Relationship management takes many forms. Upscale retailers such as Sephora invest in it heavily because much of their revenue comes from a relatively small part of the population and largely from repeat customers who can pay for the pricey package of goods and services it provides.
By their nature, mass-market chains have a harder time applying relationship management strategies than more service-oriented specialty retailers. Their stores are largely self service and their promotions emphasize price rather pampering. But it's not as if they don't try. The greeter who staffs the door at Walmart (WMT) is an example of mass-market relationship management, one that has been remarkably successful for its simplicity. More recently, the development of loyalty card programs and social networks on retail web sites have emerged at new relationship management endeavors.
Borge Hald, the CEO of Medallia, a customer experience management company that has worked with Sephora to help it enhance shopper relationships, said retailers recognize today that customers have become more selective in where they shop. Accomplished at customer service as it is, even Sephora has had to reevaluate its programs. Medallia, which specializes in soliciting and analyzing direct customer feedback, helped Sephora reconstitute services it offered but shoppers seemed to underutilize. For example, Medallia and Sephora discovered that some services the retailer offered took too long for most customers to fit into a visit. When it discovered the problem, Sephora reconstituted the services so they could be accomplished faster, and they gained in popularity.
Ultimately, the goal of customer relationship management is to enhance or simply establish a characteristic experience that is consistent, unique and can be defined for consumers in a way that makes it particularly attractive.
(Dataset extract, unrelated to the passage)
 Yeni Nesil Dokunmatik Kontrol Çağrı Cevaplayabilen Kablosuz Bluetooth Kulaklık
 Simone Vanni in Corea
To put it another way, retailers are trying to constitute a brand using their stores in a manner that's similar to what their suppliers do using products.
Hald said that mass-market retailers traditionally accepted the roll of pipeline between consumer package goods companies that developed goods based on their perceptions of shopper needs then marketed them to generate the demand that drove products through stores. Today, however, retailers face competition from many different retailers that sell a lot of the same products in various configurations and through different store environments. Hald said supermarket operators, the original pipeline stores, had become interested in his services as more retailers add substantive food operations and more consumers, prompted by the recession, try them out. Alternative grocery store retailers have proven adept at branding themselves. Supermarket operators have watched Whole Foods (WFMI), Trader Joe's and Aldi gain on that basis.
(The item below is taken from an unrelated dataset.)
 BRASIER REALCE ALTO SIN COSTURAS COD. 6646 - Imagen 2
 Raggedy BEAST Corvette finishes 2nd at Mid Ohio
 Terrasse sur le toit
As retailers shift from driving sales through product-oriented promotions to marketing themselves as brands, their relationship with their suppliers changes. Sometimes that process doesn't proceed smoothly.
Last week, reports emerged that Procter & Gamble and Kroger had ended a program that allowed consumers to download P&G coupons directly onto the supermarket operator's loyalty cards. Kroger, through its work with Dunnhumby USA, has been developing a more elaborate and sophisticated loyalty card program to help it build customer relationships. Despite some disappointing elements in its latest results, Kroger CEO David Dillon said the company's customer loyalty initiatives had helped it build market share in the third quarter.
According to reports, the end of the retailer/supplier couponing relationship came about after Kroger decided to end links between the downloadable Procter & Gamble coupons and elements of P&G's website that promoted its brands through sample offers and other deals.
Kroger's move enhanced its brand by emphasizing its role in providing the coupons. At the same time, it denied Procter & Gamble the opportunity to tout its involvement and discuss initiatives that weren't confined to the relationship with Kroger. In the course of getting closer to customers, retailers are confronting situations where they are coming into conflict with suppliers. Just ask Costco (COST) and Coca-Cola (KO) about that. A new chapter in the supplier/retailer dynamic is emerging, and it won't be written without more conflict.